While Stan Chart is believed to be the only global bank to be seeking a virtual licence, several other companies have reportedly submitted applications before today’s HKMA deadline. These include Bank of China, Ant Financial, Tencent, Ping An Insurance, HKT Trust and HKT, Chinese smartphone maker Xiaomi, online insurer ZhongAn, and the fintech firms WeLab and TNG Wallet, according to Reuters. The HKMA is expected to initially grant about four licences to ensure the new regime runs smoothly, says our first source.

All the successful applicants will need to hire across the board, say recruiters. Technology vacancies at virtual banks will focus on fields such as robo advisory, chatbot, application developers, front-end developers, and blockchain engineers, says Scott Townend, a strategic account director at recruiters Randstad in Hong Kong. Virtual banks will also need “marketing tech” (i.e. data analytics, customer experience and customer loyalty) staff, he adds.

“In the short term, virtual banks will be looking for CFOs, and compliance and audit professionals as these are some of the key positions the HKMA requires for an application,” says Gin Sun, an associate director at recruiters Michael Page in Hong Kong. “In the longer term, product developers and sales people will be needed.”

Recruiters expect high interest from candidates, especially technology professionals, for jobs at virtual banks. “Instead of working for a slow-moving Hong Kong retail bank, you’ll be going into a role which is being built from scratch under an exciting new regime,” says Warwick Pearmund, associate director of emerging technologies at Pure Search.

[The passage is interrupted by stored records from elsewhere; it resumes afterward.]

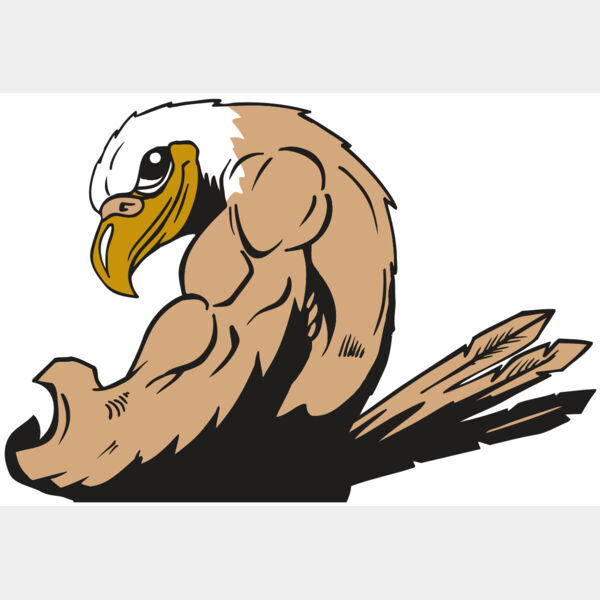 AR EAGLE 85 RC Thumbnail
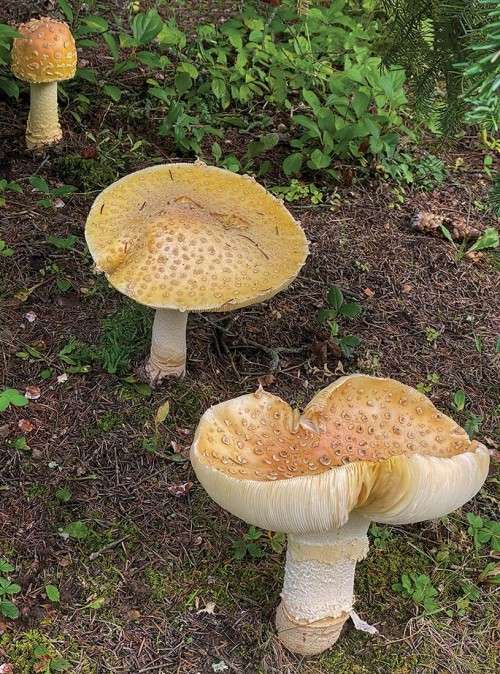 Fly agarics fruiting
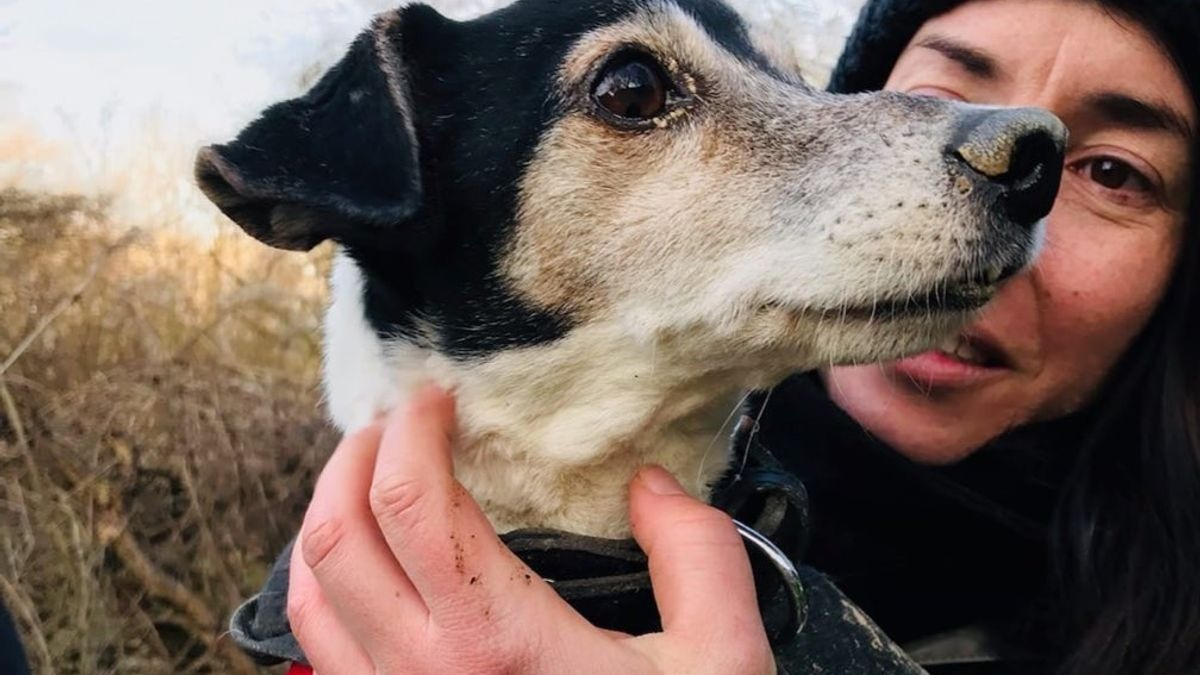 Illustration : "Profondément enfoui dans un terrier, un Jack Russell revoit la lumière de jour grâce à l'intervention des pompiers"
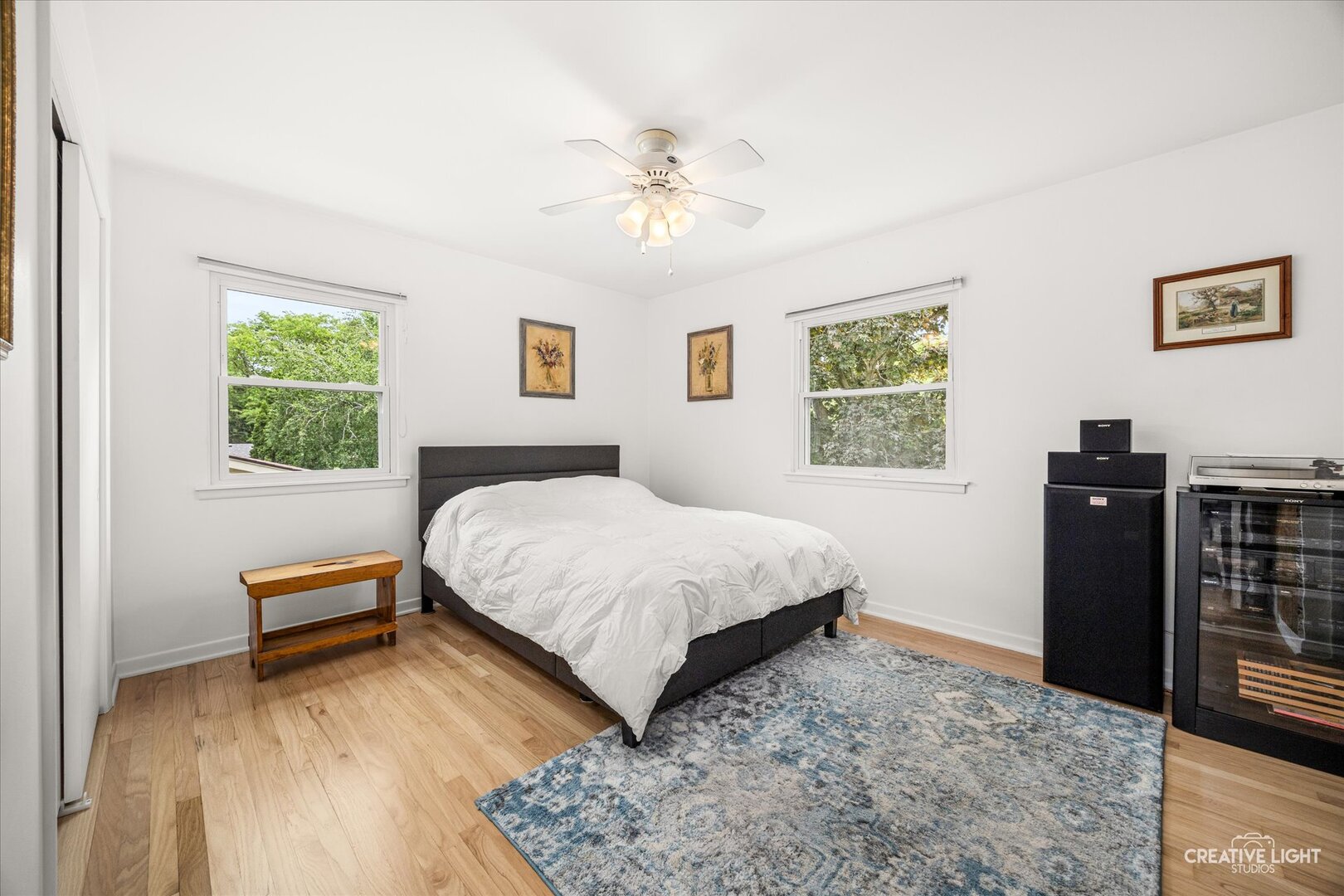 29 Tupelo Avenue Naperville IL 60540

Stan Chart hopes that having a separate local digital platform will help it break away from its global and legacy technology systems and allow it to win new customers by working more closely with start-ups, according to Reuters. “Virtual banks present a new set of challenges for technologists. Their jobs will no longer be about building, maintaining and improving the tech infrastructure that traditional banks currently have. Their roles will instead reflect the shift toward data management, analytics and cloud services,” says Townend from Randstad.

Virtual banking technologists could also help to reform Hong Kong’s large but much-maligned retail banking sector. Small businesses have long complained about problems when opening bank accounts, while Hong Kong consumers remain widely unhappy with service levels from their current banks, according to 2017 research from Accenture. “Technologists at virtual banks will be pioneering a new era in banking in Hong Kong, and this could enhance their competitiveness in the job market in the long run,” says Sun from Michael Page.